WORK TO BE COMPLETED
The whole listing that follows, pictures excepted, should be printed again exactly as given.

[DATA SECTION]

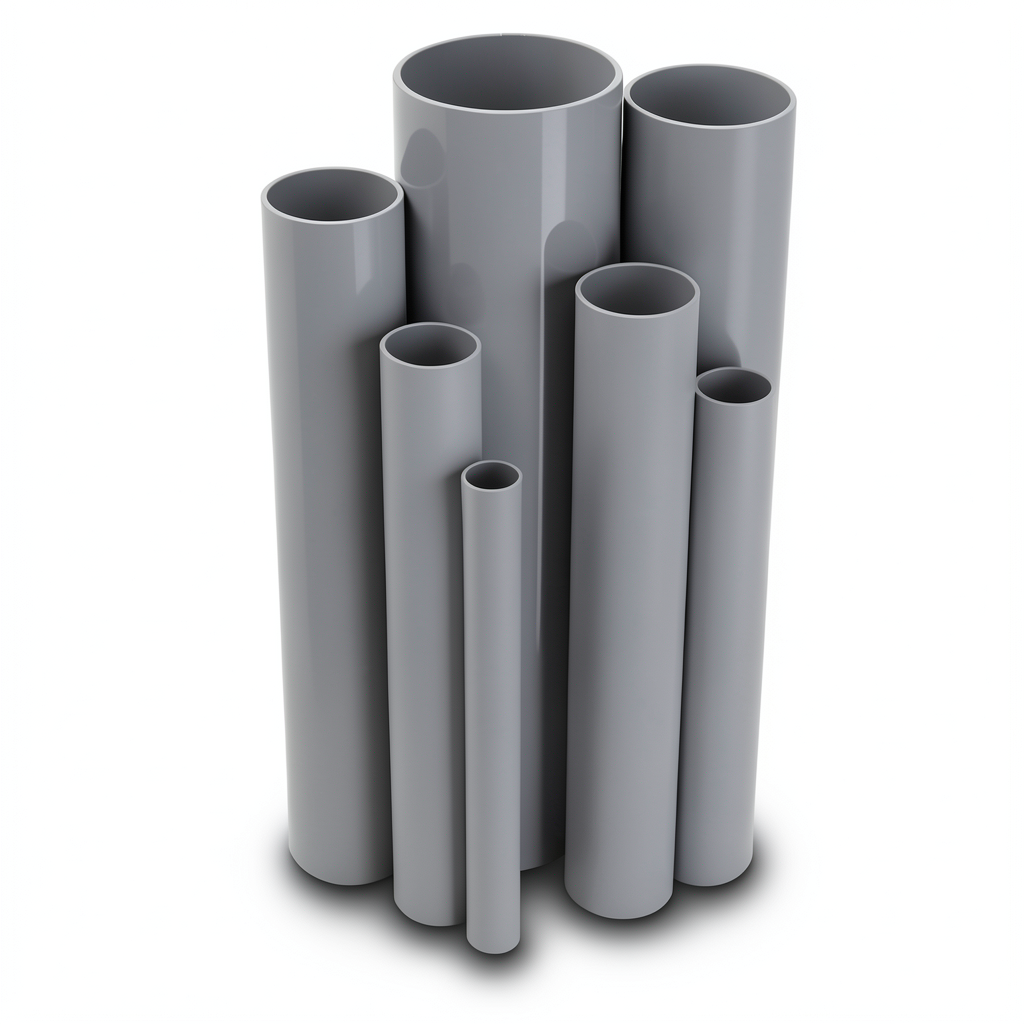 UPVC Pipes Outside Diameter 125 mm Thickness 3 mm Gray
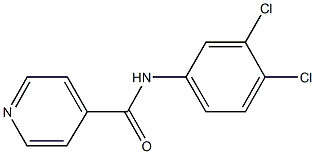 N-(3,4-dichlorophenyl)isonicotinamide Struktur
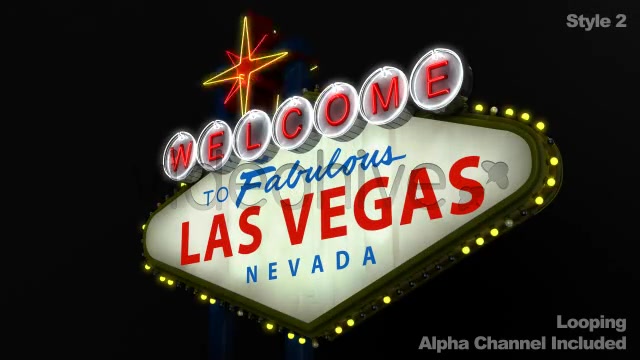 Welcome to the Fabulous Las Vegas Sign + Alpha  Videohive 859785 Stock Footage Image 4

[/DATA SECTION]

RESULT OF THE EXERCISE
 UPVC Pipes Outside Diameter 125 mm Thickness 3 mm Gray
 N-(3,4-dichlorophenyl)isonicotinamide Struktur
 Welcome to the Fabulous Las Vegas Sign + Alpha  Videohive 859785 Stock Footage Image 4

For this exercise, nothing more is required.